Filter the data for lines with the word "vendita" and copy those lines.

[Items listed in a dataset]
[Start of Attachment]
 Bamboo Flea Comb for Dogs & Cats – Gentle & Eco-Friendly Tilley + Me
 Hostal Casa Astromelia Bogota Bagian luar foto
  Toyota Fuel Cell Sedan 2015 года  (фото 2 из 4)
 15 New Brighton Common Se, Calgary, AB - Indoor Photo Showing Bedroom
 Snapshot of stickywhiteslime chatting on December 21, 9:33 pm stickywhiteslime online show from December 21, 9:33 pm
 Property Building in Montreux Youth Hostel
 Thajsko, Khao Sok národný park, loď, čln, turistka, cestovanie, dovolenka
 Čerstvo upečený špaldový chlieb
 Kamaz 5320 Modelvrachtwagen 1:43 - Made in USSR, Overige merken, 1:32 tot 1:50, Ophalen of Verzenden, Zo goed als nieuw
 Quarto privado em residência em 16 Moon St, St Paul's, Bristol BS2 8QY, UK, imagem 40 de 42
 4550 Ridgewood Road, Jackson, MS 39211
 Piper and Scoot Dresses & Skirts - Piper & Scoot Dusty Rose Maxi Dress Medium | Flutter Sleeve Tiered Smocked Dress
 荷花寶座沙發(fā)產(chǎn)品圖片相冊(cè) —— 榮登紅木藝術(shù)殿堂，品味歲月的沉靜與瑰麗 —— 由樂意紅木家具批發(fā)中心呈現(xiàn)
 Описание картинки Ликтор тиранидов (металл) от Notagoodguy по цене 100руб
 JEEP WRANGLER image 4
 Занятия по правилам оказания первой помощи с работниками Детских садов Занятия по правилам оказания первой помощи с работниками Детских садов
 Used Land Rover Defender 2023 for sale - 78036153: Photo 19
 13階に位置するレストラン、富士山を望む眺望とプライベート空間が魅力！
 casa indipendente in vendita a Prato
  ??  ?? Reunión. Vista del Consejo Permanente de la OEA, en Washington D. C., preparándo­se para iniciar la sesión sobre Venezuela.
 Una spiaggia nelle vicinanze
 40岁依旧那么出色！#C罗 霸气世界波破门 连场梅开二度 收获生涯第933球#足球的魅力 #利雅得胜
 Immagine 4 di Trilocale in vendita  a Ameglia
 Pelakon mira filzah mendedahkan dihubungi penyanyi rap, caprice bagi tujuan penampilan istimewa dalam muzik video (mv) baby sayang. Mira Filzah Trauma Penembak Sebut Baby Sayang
[End of Attachment]
◆ Reply
 casa indipendente in vendita a Prato
 Immagine 4 di Trilocale in vendita  a Ameglia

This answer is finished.